He wanted to know whether anything could make the chickens more productive so they would lay more eggs. Chickens, like human beings, are social creatures; they live in groups. The simple but elegant experiment William devised is described by entrepreneur Margaret Heffernan in her TED talk. Purdue selected an average flock and left them alone for six generations – this was the control group. The second group was created by taking only the most productive individual chickens or ‘super-chickens’ to create a super-flock and only the best were used for breeding.
After six generations had passed, the average chickens were doing well. They were plump, fully feathered and egg production had improved dramatically. In the super-chicken flock only three were still alive – the rest had been pecked to death by the most super of the super-chickens. Even three brilliant chickens can’t possibly lay the eggs of a plump, healthy flock. It turns out that the individually productive chickens had only achieved their success by suppressing the productivity of the rest.
What Purdue did was the chicken equivalent of the most popular way we currently manage teams for higher productivity and performance – we seek to recruit talent or super-chickens.
The super chicken approach to performance
It’s a logical approach; if we want to improve team performance then we simply improve the calibre of the individual members of the team, instil a little healthy competition and reward high achievement.
Ever since McKinsey & Co proposed that successful businesses were always engaged in a ‘war for talent’ in the 1990s, we’ve been obsessed with finding and keeping these super-chickens. Today, companies like AT&T, Pfizer, Cisco and Deloitte’s all have a chief talent officer on the payroll. Even governments are taking the talent solution seriously. The Chinese, South Korean and Singapore governments have all started nationwide talent strategies to ensure long-term performance and competitiveness.
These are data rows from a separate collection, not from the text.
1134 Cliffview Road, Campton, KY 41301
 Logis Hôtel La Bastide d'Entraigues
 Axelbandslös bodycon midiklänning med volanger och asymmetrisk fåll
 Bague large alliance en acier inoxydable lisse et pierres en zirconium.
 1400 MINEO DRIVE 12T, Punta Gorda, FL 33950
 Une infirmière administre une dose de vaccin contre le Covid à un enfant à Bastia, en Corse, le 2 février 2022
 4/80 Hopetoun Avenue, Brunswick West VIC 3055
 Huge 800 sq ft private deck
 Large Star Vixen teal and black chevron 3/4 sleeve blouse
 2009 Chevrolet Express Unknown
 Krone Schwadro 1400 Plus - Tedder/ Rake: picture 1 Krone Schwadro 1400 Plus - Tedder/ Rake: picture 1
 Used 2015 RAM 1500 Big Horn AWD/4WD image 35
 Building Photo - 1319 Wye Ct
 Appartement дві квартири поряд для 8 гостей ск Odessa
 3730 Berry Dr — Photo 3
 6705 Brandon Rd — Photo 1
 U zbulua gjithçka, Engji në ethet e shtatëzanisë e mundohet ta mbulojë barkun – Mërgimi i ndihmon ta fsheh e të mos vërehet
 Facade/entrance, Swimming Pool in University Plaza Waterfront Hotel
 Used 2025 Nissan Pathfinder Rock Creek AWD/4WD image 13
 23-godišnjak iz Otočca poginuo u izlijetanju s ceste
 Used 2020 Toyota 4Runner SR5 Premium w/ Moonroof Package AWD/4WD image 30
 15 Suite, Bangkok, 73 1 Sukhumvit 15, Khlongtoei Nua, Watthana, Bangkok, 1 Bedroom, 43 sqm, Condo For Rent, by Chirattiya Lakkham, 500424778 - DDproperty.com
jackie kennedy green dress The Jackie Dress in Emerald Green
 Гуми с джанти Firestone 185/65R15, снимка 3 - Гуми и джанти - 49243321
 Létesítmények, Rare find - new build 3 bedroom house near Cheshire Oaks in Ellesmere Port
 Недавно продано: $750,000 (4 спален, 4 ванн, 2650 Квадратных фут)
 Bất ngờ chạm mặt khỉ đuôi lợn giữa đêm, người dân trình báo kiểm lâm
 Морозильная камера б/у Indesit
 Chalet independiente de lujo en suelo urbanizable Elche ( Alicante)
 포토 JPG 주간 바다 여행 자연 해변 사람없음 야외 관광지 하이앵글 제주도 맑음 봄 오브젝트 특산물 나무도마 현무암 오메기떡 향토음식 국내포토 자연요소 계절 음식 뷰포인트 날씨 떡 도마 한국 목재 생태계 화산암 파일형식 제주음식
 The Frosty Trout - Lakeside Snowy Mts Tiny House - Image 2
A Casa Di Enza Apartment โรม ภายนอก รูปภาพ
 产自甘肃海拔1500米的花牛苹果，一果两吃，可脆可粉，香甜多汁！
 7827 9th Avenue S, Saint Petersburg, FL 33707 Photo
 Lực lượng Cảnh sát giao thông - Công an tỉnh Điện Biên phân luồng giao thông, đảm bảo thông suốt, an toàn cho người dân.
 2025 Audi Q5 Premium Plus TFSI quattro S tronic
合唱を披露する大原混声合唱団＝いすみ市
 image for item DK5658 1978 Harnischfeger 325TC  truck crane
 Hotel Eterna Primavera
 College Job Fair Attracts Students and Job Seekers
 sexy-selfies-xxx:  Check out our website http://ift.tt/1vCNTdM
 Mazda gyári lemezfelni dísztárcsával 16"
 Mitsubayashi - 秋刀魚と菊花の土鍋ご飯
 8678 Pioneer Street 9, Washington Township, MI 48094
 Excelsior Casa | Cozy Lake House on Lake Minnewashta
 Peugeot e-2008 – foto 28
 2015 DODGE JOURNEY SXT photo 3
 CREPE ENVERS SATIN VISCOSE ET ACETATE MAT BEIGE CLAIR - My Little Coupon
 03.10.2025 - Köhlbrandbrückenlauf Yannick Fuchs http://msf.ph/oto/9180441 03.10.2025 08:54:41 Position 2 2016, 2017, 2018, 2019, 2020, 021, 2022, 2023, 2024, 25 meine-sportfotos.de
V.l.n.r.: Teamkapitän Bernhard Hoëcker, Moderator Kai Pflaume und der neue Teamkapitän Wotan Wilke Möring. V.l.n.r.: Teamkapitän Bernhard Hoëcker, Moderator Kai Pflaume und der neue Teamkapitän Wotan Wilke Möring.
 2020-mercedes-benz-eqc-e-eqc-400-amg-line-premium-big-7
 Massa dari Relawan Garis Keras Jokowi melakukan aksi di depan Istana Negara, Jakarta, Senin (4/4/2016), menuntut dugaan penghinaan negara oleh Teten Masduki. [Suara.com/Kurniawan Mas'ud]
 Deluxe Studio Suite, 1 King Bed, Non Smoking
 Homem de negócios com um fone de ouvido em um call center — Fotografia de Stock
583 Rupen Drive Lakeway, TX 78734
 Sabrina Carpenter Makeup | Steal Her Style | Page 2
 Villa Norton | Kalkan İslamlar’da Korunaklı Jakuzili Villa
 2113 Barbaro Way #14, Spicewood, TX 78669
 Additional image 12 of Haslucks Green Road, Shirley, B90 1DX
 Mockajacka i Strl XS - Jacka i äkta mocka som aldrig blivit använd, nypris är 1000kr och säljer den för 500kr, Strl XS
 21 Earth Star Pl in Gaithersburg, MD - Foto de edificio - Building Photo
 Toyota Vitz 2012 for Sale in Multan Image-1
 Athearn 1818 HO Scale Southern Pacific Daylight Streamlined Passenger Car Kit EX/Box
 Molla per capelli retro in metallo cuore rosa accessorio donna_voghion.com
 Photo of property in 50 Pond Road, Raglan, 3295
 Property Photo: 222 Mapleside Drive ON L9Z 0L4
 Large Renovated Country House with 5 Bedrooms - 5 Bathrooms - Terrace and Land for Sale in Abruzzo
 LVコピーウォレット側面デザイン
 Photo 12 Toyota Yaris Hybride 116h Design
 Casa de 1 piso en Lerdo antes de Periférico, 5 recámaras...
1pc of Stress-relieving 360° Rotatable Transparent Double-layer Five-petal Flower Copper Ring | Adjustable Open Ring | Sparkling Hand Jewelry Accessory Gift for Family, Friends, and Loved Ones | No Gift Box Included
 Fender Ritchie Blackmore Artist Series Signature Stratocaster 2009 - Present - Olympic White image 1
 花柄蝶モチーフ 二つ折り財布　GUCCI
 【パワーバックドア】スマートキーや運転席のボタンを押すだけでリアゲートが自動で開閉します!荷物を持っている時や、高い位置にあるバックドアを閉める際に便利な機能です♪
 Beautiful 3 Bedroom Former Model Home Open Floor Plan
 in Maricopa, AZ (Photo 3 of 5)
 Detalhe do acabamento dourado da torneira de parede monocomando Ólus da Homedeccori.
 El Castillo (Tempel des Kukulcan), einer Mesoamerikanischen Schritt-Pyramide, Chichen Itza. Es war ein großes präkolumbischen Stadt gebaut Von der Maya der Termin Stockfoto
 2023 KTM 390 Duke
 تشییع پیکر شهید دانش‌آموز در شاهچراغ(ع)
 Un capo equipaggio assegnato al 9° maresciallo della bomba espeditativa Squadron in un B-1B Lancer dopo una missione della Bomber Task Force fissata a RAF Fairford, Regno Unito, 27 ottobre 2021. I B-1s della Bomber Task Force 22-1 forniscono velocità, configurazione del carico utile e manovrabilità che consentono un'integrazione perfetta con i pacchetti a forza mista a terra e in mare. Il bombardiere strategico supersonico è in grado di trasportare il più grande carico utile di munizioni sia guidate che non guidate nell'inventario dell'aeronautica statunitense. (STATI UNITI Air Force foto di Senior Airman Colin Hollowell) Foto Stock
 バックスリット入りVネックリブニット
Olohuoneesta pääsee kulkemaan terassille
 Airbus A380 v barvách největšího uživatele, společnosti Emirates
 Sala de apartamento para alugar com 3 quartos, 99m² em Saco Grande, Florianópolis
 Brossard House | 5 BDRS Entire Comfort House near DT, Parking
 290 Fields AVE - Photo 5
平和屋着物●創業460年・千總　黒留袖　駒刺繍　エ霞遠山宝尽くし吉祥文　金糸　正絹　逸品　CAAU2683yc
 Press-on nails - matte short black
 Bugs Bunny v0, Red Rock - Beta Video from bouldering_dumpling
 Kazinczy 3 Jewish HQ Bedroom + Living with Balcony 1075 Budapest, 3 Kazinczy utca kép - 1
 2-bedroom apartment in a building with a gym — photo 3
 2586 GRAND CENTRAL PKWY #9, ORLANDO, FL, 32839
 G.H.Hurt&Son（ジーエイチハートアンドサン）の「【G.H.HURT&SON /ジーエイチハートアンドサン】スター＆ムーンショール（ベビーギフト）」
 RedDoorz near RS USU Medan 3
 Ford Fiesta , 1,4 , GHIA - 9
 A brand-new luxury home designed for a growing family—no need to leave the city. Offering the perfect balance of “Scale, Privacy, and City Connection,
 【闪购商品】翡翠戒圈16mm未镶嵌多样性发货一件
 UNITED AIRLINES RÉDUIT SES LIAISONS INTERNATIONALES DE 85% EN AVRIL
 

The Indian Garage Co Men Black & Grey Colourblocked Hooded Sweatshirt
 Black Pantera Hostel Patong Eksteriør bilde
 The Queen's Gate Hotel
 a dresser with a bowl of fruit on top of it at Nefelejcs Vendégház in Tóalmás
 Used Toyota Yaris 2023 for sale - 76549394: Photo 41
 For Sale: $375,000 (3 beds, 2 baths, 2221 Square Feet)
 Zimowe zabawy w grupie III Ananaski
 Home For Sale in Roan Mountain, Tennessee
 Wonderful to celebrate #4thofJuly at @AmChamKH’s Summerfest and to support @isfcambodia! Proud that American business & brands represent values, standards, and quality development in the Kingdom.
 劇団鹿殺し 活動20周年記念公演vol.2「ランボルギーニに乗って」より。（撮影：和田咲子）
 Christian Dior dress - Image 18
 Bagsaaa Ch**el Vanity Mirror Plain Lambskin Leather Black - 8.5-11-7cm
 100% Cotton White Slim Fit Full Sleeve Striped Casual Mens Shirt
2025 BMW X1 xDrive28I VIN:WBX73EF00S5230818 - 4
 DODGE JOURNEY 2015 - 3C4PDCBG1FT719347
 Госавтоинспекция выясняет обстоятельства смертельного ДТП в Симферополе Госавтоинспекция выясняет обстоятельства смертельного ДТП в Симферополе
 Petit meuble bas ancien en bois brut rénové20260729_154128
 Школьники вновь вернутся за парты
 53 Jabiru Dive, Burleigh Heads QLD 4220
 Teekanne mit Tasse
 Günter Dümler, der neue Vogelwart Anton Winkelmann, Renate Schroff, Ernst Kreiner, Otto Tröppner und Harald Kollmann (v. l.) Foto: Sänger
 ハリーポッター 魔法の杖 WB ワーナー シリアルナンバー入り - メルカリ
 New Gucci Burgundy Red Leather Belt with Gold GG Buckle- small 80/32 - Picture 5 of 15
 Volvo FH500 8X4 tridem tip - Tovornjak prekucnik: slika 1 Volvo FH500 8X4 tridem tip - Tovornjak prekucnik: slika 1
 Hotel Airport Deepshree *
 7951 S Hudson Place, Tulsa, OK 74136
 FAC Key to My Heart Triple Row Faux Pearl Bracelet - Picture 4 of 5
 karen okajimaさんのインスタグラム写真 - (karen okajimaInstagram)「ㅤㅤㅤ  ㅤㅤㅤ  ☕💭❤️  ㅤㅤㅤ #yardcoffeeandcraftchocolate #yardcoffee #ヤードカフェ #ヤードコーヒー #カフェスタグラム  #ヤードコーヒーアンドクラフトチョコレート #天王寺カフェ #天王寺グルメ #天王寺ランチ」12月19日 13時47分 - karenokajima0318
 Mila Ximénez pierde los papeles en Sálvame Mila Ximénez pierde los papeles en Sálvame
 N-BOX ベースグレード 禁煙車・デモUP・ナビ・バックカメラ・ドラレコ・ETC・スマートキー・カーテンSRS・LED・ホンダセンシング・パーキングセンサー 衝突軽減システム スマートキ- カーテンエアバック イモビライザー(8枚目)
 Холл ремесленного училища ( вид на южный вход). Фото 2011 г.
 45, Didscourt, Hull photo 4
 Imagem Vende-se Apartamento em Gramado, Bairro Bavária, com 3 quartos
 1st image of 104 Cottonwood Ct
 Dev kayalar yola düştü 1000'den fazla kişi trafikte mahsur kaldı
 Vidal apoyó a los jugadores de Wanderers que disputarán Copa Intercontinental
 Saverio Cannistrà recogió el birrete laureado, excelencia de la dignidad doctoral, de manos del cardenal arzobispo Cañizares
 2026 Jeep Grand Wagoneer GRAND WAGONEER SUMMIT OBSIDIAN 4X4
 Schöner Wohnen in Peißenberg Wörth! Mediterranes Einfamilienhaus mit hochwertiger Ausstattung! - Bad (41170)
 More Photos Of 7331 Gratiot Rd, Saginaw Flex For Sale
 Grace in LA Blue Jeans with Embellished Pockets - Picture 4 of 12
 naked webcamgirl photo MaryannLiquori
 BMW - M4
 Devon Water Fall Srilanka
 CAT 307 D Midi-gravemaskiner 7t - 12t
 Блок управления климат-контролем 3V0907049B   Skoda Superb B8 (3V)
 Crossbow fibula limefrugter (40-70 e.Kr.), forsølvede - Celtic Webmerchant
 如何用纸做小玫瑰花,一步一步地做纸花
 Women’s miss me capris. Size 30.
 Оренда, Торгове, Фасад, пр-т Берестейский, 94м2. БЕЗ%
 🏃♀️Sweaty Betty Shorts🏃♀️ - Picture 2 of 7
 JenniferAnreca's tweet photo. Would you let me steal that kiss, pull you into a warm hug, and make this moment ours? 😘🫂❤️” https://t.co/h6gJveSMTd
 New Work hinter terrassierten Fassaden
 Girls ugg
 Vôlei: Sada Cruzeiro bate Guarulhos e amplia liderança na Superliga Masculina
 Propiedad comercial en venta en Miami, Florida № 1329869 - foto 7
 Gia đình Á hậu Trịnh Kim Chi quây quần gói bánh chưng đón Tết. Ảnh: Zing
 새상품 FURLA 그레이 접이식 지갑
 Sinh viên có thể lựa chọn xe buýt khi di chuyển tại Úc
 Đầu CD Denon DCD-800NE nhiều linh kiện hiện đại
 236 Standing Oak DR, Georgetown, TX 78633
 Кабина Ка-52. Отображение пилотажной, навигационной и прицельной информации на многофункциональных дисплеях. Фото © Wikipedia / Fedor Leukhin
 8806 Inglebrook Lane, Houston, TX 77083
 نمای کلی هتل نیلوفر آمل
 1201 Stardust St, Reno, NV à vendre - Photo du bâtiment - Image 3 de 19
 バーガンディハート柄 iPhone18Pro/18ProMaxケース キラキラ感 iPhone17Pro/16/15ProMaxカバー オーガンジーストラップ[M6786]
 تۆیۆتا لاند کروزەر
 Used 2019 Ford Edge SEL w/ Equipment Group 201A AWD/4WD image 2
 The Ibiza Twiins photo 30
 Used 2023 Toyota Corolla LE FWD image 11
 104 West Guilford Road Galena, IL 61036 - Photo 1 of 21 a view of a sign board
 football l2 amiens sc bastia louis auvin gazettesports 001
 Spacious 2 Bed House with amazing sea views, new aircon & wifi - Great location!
Despite the hype, most of us have had the experience of recruiting a super-chicken or being in a team and having one strut their stuff, only for that individual to never quite live up to the hype or expectation. Often it’s a disaster and those at the top are left confused. Why is the super-chicken not producing the results they were recruited on the back of? Meanwhile, those in the team are left irritated, alienated and disengaged. Not only does this approach put unachievable expectations on the super-chickens to deliver something next to impossible without the active and willing participation of the rest of the team, but it vastly underestimates the potential of the team and massively insults their value and contribution. Hardly a recipe for high team performance!
Most of us are not very motivated by pecking orders or by super-chickens and superstars, and yet we’ve run most organisations and some societies using this model. We've thought that success is achieved by picking the brightest, most talented people in the room, giving them all the resources, all the power and letting them weave their magic. But it just doesn’t work. In fact, most of the time the results mimic William Muir's experiment: aggression, dysfunction and waste. If the only way the most productive can be successful is by suppressing the productivity of the rest, then it’s little wonder we never seem to elevate performance over the long term.
Focusing on talent is unreliable at best and actively destructive at worst because it doesn’t take personality, and therefore fit, into account.
‘Fit’ is the only effective way to manage a team for high performance
‘Fit’ is much, much more important than what we currently consider as talent. In fact, I would argue that talent is simply the misdiagnosis of ‘fit’. Talent is not some elusive divine spark that only the few possess, but rather consistent output made possible when an individual understands their natural strengths, characteristics, skill set and values, and then matches them to a role and environment that needs and values those attributes.
Star performance is not so much about what you do (which incidentally is what almost all performance improvement programs focus on), but rather how you do what you do, why you do what you do and where you do what you do. In fact the only important consideration regarding what you do is what you do to screw things up.
Figure 1.1: The three components of fit
When we understand what motivates us from the ‘inside’, understand our ‘bright side’ behaviours or what we are best suited to, our ‘dark side’ derailers or how we sabotaged our own performance, then we can make sure we are in the right place doing the right thing in the right team or organisation for us. We can make sure we fit.
The reason high performance is so mysterious and inconsistent for so many people is because we are almost solely focused on improving behaviour or the skills, knowledge and experience that an individual brings to a team. As a result, we completely dismiss the impact of personality on individual and team performance.
What I have found across over 3,000 profiles of elite performers in business is that they all have four or five behaviours that evolve as a result of their unique personality – and they use those same behaviours consistently. The only difference between brilliant and average performance is that the average performers are not consciously aware of exactly what those behaviours are so they are either deployed inconsistently or deployed in a role or environment that doesn’t need or value those particular behaviours. The star performers on the other hand know what their bespoke behaviours are, or they simply deploy them innately at the right time and in the right place most of the time.
If you understand the quirks of your personality you can make little, almost imperceptible shifts that ensure you are in the right place doing the right things which collectively can have a profound impact on performance.
Do that for an entire team and you don’t need to find and keep expensive, often difficult to manage super-chickens. Instead, simply allow the individual team members to swap tasks and responsibilities to ensure more are doing what comes naturally to them, thus allowing them to deploy their ‘bright side’ behaviours most of the time and enabling you to create a plump, healthy team where productivity soars.